Bem vindo!

Bem vindo!Esta página está sendo criada para retransmitir as muitas informações que ao longo de anos de pesquisas coletei nesta Mesorregião Campo da Vertentes, do centro-sul mineiro, sobretudo na Microrregião de São João del-Rei, minha terra natal, um polo cultural. A cultura popular será o guia deste blog, que não tem finalidades político-partidárias nem lucrativas. Eventualmente temas da história, ecologia e ferrovias serão abordados. Espero que seu conteúdo possa ser útil como documentário das tradições a quantos queiram beber desta fonte e sirva de homenagem e reconhecimento aos nossos mestres do saber, que com grande esforço conservam seus grupos folclóricos, parte significativa de nosso patrimônio imaterial. No rodapé da página inseri link's muito importantes cuja leitura recomendo como essencial: a SALVAGUARDA DO FOLCLORE (da Unesco) e a CARTA DO FOLCLORE BRASILEIRO (da Comissão Nacional de Folclore). Este dois documentos são relevantes orientadores da folclorística. O material de textos, fotos e áudio-visuais que compõe este blog pertencem ao meu acervo, salvo indicação contrária. Ao utilizá-lo para pesquisas, favor respeitar as fontes autorais.


ULISSES PASSARELLI




sexta-feira, 14 de dezembro de 2012

Outros comentários sobre a Procissão do Imperador Perpétuo


O Astro de Minas foi o primeiro jornal da cidade e o segundo mineiro. Referencia a Procissão do Imperador Perpétuo, Santo Antônio de Pádua, assim nomeado pelos comerciantes locais, contrapondo-se ao imperador móvel, humano, que perde seu cargo em cada Pentecostes, dando lugar a outro. Era um cortejo religioso querido, concorrido e pomposo, descendo desde a Igreja de São Francisco de Assis até a do Senhor Bom Jesus de Matosinhos, pelo antigo e longo caminho já citado, provocando grande entusiasmo na sua chegada, na véspera de Pentecostes.

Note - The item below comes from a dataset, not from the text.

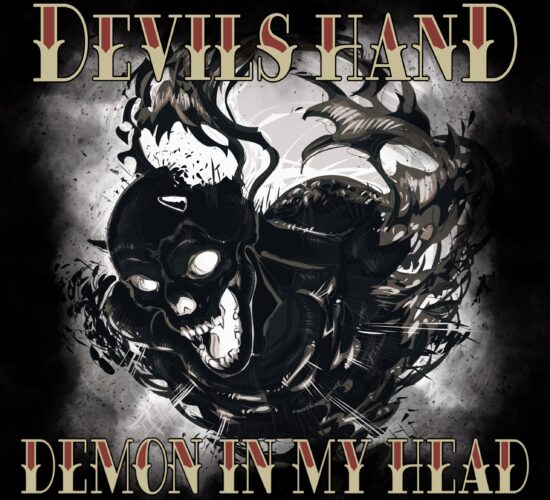 demon cover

Interessante seu cortejo numa liteira, veículo de transporte dos ricos fazendeiros e comerciantes, que em suma eram importantes agentes promotores da festa. A liteira conferia ao próprio santo um ar senhorial, bastante adequado para um festejo aristocrático, promovido sem dúvidas pela classe dominante. E se a crônica relata que os comerciantes contribuíram na escolha desse santo, não deixa de ser intrigante nomearem justo ele, que não é padroeiro dos comerciantes, mas dos militares e das moças casadouras. Santa Lídia é a padroeira dos comerciantes, mas não goza de um milésimo da popularidade de Santo Antônio.

Não se sabe ao certo por qual razão Santo Antônio foi escolhido imperador perpétuo. Tudo fica no campo hipotético. Sua altíssima popularidade mesmo antes de falecer e a sua capacidade oratória extraordinária, devem ter contribuído para a escolha. A grande eloquência catequética, sempre foi considerada inspiração divinal. Essa capacidade do santo lhe valeu o título de “Martelo dos Hereges” (pois em seus sermões combatia firmemente os pecadores) e “Tuba Evangélica” (pela veemência com que pregava a palavra santa).

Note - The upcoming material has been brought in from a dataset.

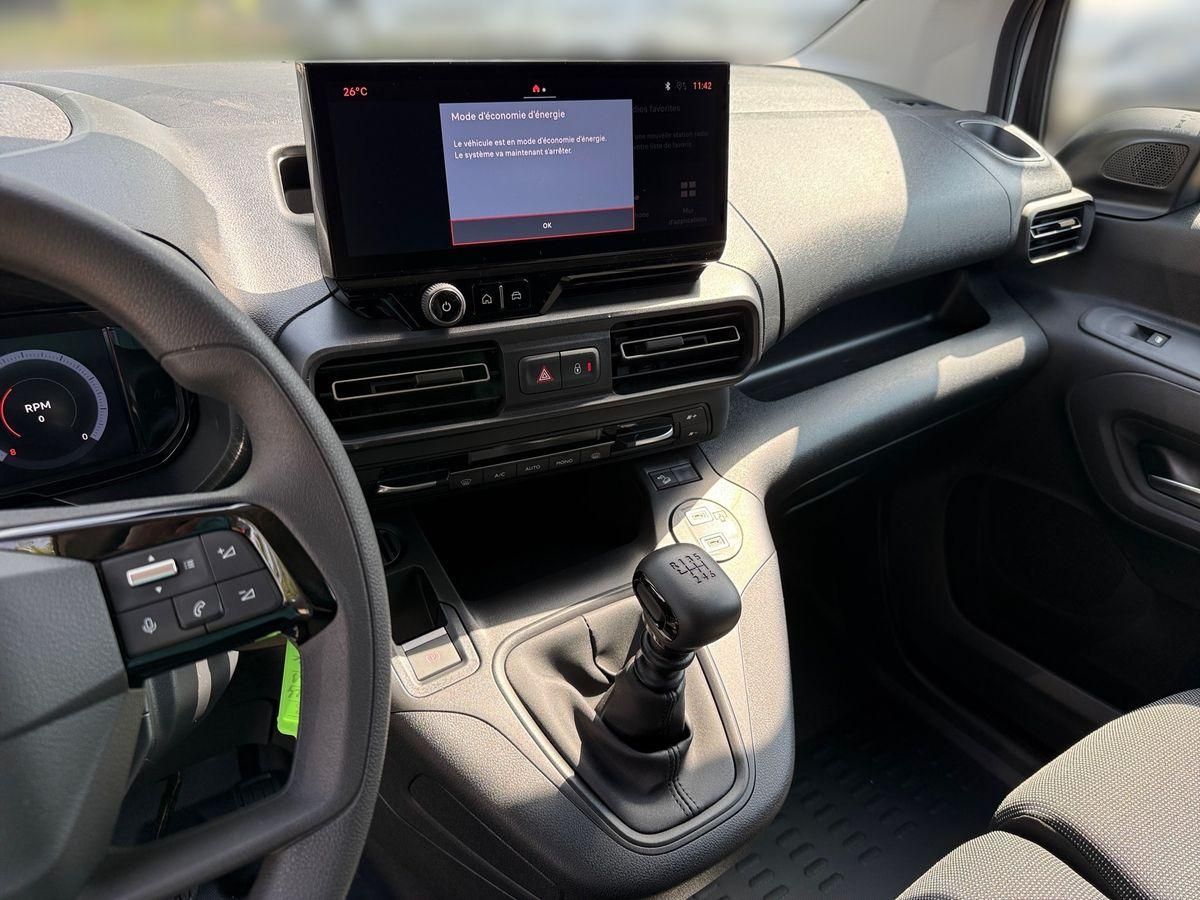 Fahrzeugabbildung Fiat Doblo M Kastenwagen 100 MT6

E um fato em especial pode ter motivado a escolha. Na páscoa do ano 1227, narra o reverendíssimo Padre At, da Congregação do Sagrado Coração, de Toulouse (França)[1], aconteceu o seguinte fato extraordinário, na presença do Papa Gregório IX:

A maravilhosa nave do Espirito Santo, Sto Antonio de Padua, um dos discipulos e companheiros que S. Francisco havia escolhido, e o que elle chamava seu vigario, prégava uma vez perante o Papa e os cardeaes no consistorio, onde se achavam homens de diversas nações, gregos, latinos, francezes, allemães, slavos, inglezes, e de outros varios paizes. Elle foi inflammado pelo Espirito Santo e annunciou a palavra de Deus de um modo tão efficaz, tão devoto, tão penetrante, tão suave, tão claro e intelligente, que todos os presentes, conquanto fossem de linguas diversas, entenderam todas as suas palavras clara e distinctamente como se houvesse falado a lingua de cada um, e ficaram todos estupefactos. Pareceu ver-se renovar o antigo milagre dos Apostolos no tempo do Pentecostes, quando pela virtude do Espirito Santo falavam todas as linguas; e os cardeaes diziam uns para os outros: não veio da Hespanha este que préga? E como, pois entendemos todos na sua lingua a do nosso paiz? O Papa reflexionava como os outros, e, maravilhado pela profundeza desta prégação, exclamou: na verdade, este é a Arca do Testamento, e o thesouro da Santa Escriptura. (grifei seus outros títulos)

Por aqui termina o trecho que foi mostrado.